■ **Work to be completed**: The whole listing is to be restated word for word with no images.
=== Data extract ===
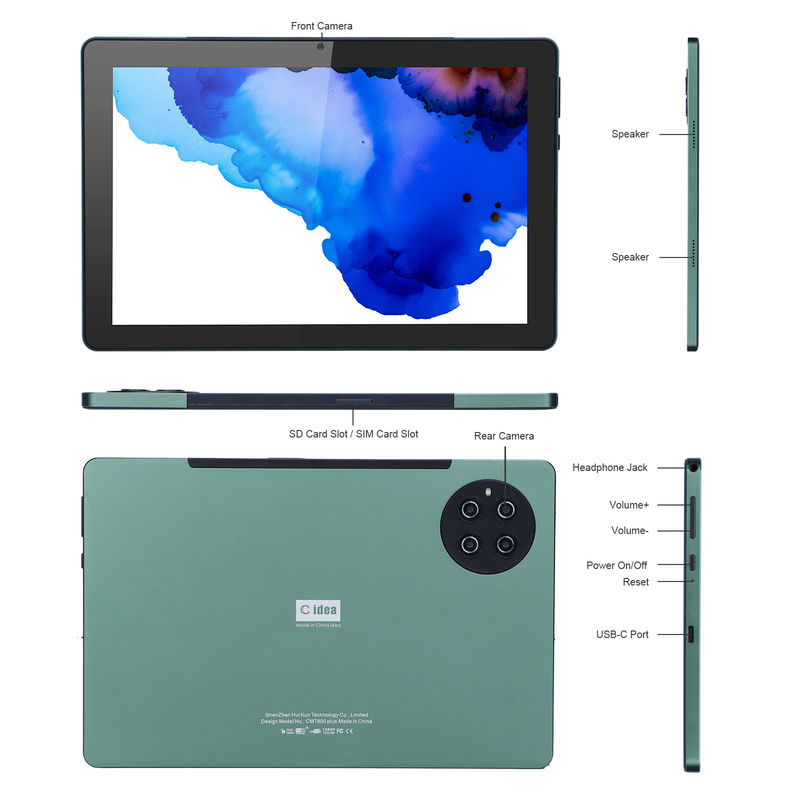 सी आइडिया 9.7 इंच एंड्रॉयड 12 टैबलेट 8GB रैम 512GB रोम मॉडल CM7800 ग्रीन
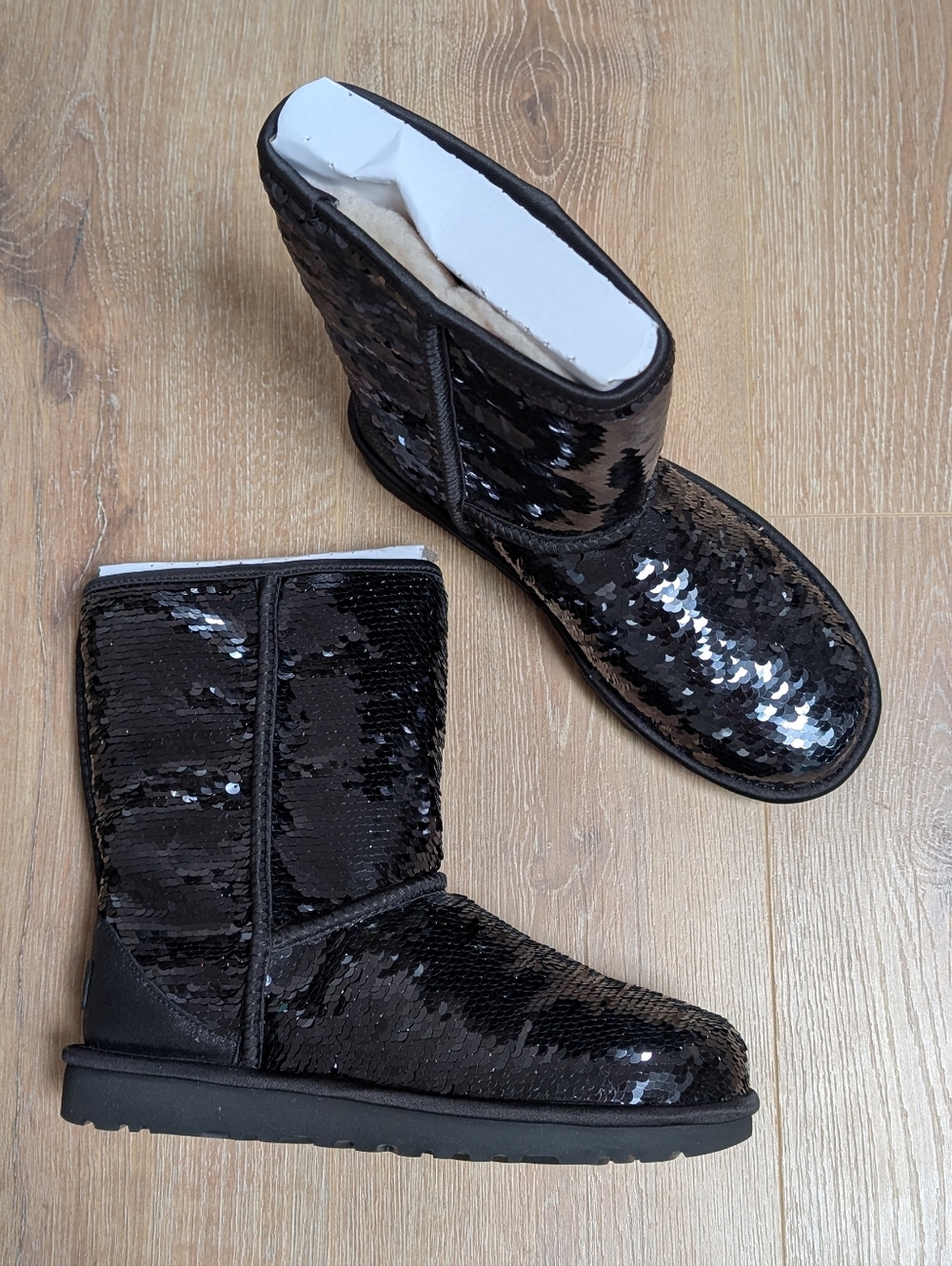 NEW Ugg Black Classic Sequin Boots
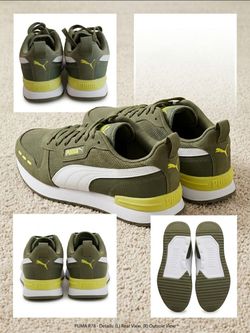 PUMA R78 Women’s Sneakers – Olive Green / Lime – Size 6.5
===
■ **Expected answer**:
 सी आइडिया 9.7 इंच एंड्रॉयड 12 टैबलेट 8GB रैम 512GB रोम मॉडल CM7800 ग्रीन
 NEW Ugg Black Classic Sequin Boots
 PUMA R78 Women’s Sneakers – Olive Green / Lime – Size 6.5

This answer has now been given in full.